I had an early Surefire 9N, (with the dual bulb LA), explode on me many years ago. Surefire admitted they had a problem with 9N LA's when they first came out and replaced it with an improved model which proved ultra-reliable. Other than that, I've NEVER had a SF LA go out on me and I've used them extensively for 19 years. I even sold my old 6P about a year ago, (that I had purchased in 1985), with the ORIGINAL LA with many, many hours of use. I've heard that people have had a lot of SF LA's blow on them when dropped but I dropped many of mine, many times, and never even experienced that. Maybe I've been lucky but I sure have had good luck with them.


----------



## Filament (Jan 1, 2004)

Thanks for the inputs. I've swapped my working G2 lamp with the suspect one, and sure enough, it lights up, so it is the lamp and not a switch, bad batteries, etc. I've emailed SF customer service, but don't expect a reply soon due to the holidays. I'll keep you posted on what happens next. How about the P61? Anyone have any issues with it? I've ordered one for my G2 and am a little concerned about the heat and the Lexan lens combination.


----------



## Hornet (Jan 1, 2004)

Check out www.flashlightlens.com he has b270 and UCL replacement lenses for the G2. (its size 29.1) simple to install and then no worries. I love mine even thou it's only 2 days old. He also has GREAT Service.
Dana


----------



## Dave_in_PA (Jan 1, 2004)

I just blew the P60 lamp in my 15 year-old 6P. It's a duty light, although not used everyday. When I do use it, it's for very short bursts of light. My understanding is that using the light for that type of operation is harder on the lamp than longer run times.

Dave


----------



## Size15's (Jan 1, 2004)

SureFires are intended for short periods of flashing and bursts. I don't think it will damage the bulb. Running a bulb on flat batteries will make it age faster though.

Al


----------



## ResQTech (Jan 1, 2004)

Seem like SF bulbs typically either blow in the first 5 mins of use, or they last many many sets of batteries.


----------



## Dave_in_PA (Jan 2, 2004)

Al, thanks for the info. I got my information from a recent advertisement for a SF Aviator, where the text said the lamp was regulated (or digitally controlled?), which provided a "softer start" and lengthened the lamp life. 

Regardless, 15 years for one lamp sounds good to me!

Dave


----------



## chamenos (Jan 3, 2004)

surefire will probably send you a new lamp, no questions asked. i've had a bad P60 before (on my first surefire, no less), and it blew overnight. i left it on a table, and the next morning it just stopped working. as long as it doesn't blow within the first few sets of batteries or drops, it will last you a very long time. i have a few such examples in my possession. i feel old repeating this everytime someone posts about a bad surefire lamp /ubbthreads/images/graemlins/grin.gif


----------



## Double_A (Jan 3, 2004)

My experience has been pretty much the same as others. I've been using Surefires regularly for over 13 years. I've only had one lamp go on me, it was from my M6 and it went in the first 5 or 10 mins of use. The second time was from a several yr old 6P I sold to a coworker it died within a week of him having it.

GregR


----------



## DarkHelmet (Jan 3, 2004)

Your experience is not at all typical of Surefires.
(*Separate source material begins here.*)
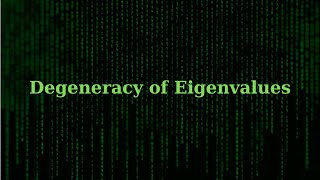 Degeneracy of Eigenvalues and applications  Linear Algebra [upl. by Acinad745]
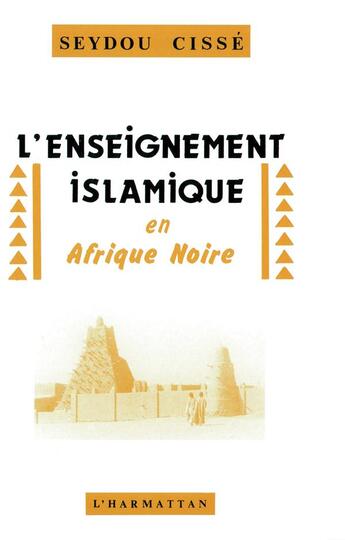 Couverture du livre « L'enseignement islamique en afrique noire » de Cisse Seydou aux éditions L'harmattan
My P60 has 38 lithiums through it, and 8 of those were run constant on end-to-end (4 hours burn, constant except batt changes) while caving.

Surefire will most likely replace your lamp. It seems that these things really do die right away or last ages.


----------



## brightnorm (Jan 3, 2004)

My original P60 in my original 6P that I bought about 10 years ago is still going strong. I don't know how many battery changes it has endured but I tend to change batteries pretty often and I never wait til the light is really dim. I own many Surefires and so far I've never had a bulb failure. I don't use my lights as long or as often as some CPFers but even so that's a darn good record.

Brightnorm


----------



## Filament (Jan 3, 2004)

Thanks for all the feedback. The P60 I've been using since July (first Surefire for me) hasn't had any trouble, neither has my two-month old E2e. I just put the P61 in to replace the blown P60 - waiting on SF to get back from the Holidays. Based on _most_ of the feedback in CPF on SF, I have confidence they'll do the right thing. In the meantime, that P61 is bright!


----------



## madecov (Jan 3, 2004)

While on duty I dropped my G2Z and shattered the pyrex. called SF and they said they would replace the bezel N/C. recently they sent me a new lexan bezel for my 4 year old 8NX as it was scratched to hell. Great service. you get what you pay for


----------



## **DONOTDELETE** (Jan 4, 2004)

The last time that I regularly used a P60 bulb was in the late 90s. I used it in a model 6P and for just about everyday during that year. I didn't pay attention to the number of battery sets that I used at the time, but now I suspect it was well over ten.


----------



## Filament (Jan 7, 2004)

Surefire came through. Sending a replacement lamp right away. Chalk another one up for SF Customer Service.


----------